Ее появление на сцене было идеальным для ладно скроенного художественного романа, и, разумеется, он видел в этом строго проведенную сплетницей-судьбой чернильную линию: одногруппник Фролова привел на концерт насмешливо осаждаемую соседку, боязливая соседка-выпускница школы позвала с собой старшую двоюродную сестру, а сестра отчего-то явилась с пятиюродной подругой, и подруга эта пила много вина, полосовала воздух в разговоре неестественно длинными ногтями и неприятно кривила рот в съезжающей под углом с лица улыбке. Возле метро выяснилось, что ее зовут коммунальным именем Светка и они живут с Фроловым на соседних улицах - он с удовольствием вымученного джентльмена вызвался провожать ее до дома. В пустынно грохочущем вагоне обнаружился у них общий знакомый - верстальщиком в редакции унылой газеты был полноватый и неостроумный бывший одноклассник Светы, недавно прочитанная обоими и обоих удовлетворившая книга и твердое намерение идти завтра на сомнительный концерт. Света, конечно же, не пришла, что вдруг обратило ее из расположенной по соседству шумной блондинки с острыми холмами косточек над кистями рук в некую загадочную и очень прочную фигуру, а судьба продолжала веселиться: через неделю Света явилась на сцену сидящей напротив него в уже полно и тяжко грохочущем вагоне, одетая в черное пальто и обернутая бирюзовым шарфом, на следующий вечер она была на вечеринке в компании девушки, хорошо знакомой и прекрасно расположенной к Фролову.
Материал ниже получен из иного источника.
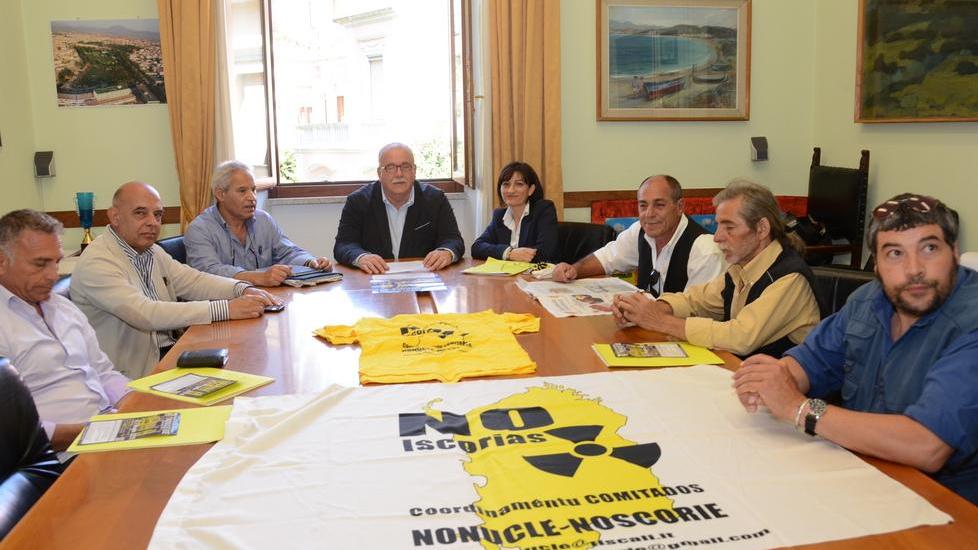 No scorie, il Comune in trincea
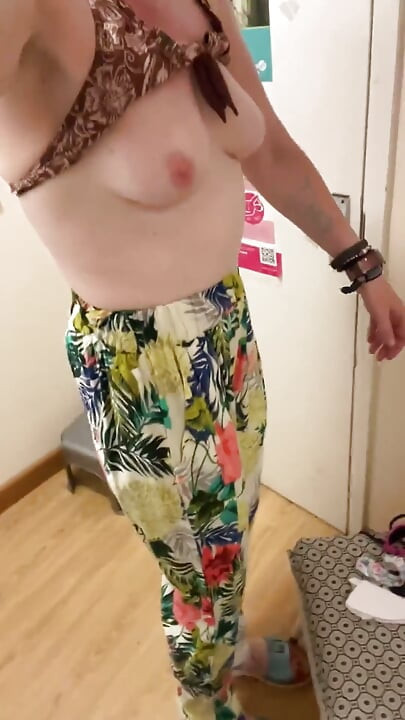 Picioare Lungi, Pantaloni Scurți Scurți, Țâțe Perfecte.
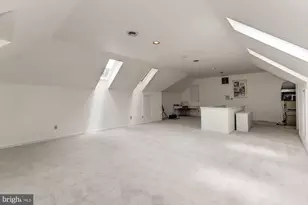 914 Helga Pl, McLean, VA 22102 - Photo 68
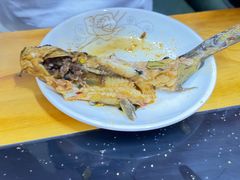 -东北烧烤铁锅炖水库鱼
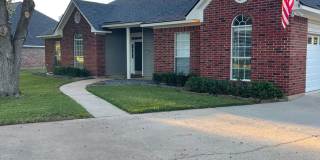 Large Lot Close to to Barksdale Air Force Base w/POOL!! Gallery 1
Тут линия, намечавшаяся аккуратными штрихами, соединилась в ровную протяженность, и уже некуда было сбежать от телефонных звонков, нечаянно-ожидаемых встреч и разраставшихся ночами в жирный клок мыслей.
Много раз пытаясь разъяснить себе, в чем кроется ее ароматное очарование, отчего так волнительно ее присутствие рядом и еще более горячит отсутствие, где он нашел точки соприкосновения с ее расплывчатыми кляксами интересов, что разглядел он в ее свистящей недалекости, прикрываемой изощренно некоторыми удачно подслушанными идеями, в ее истеричной веселости, выстроенной более смехом, нежели шутками, в ее девической жеманности, напоминающей сцены из тривиальной пьески о коварной соблазнительнице - он не знал ответа, он бесился от своей глупости, а все ж заветный образ ее, обещающий так много призрачного, необъяснимого наслаждения, против усердной травли жил в его комнате, в карманах его куртки, в опутанной прогнившими от сырости балконами стене дома, в ровной каменной аллее, ведущей от автобусной остановки к зданию института, во всем, до чего он касался, во всем, с чем обязан был существовать, в любой излучине мысли и желания. Вот только в текстах его она жить отказывалась.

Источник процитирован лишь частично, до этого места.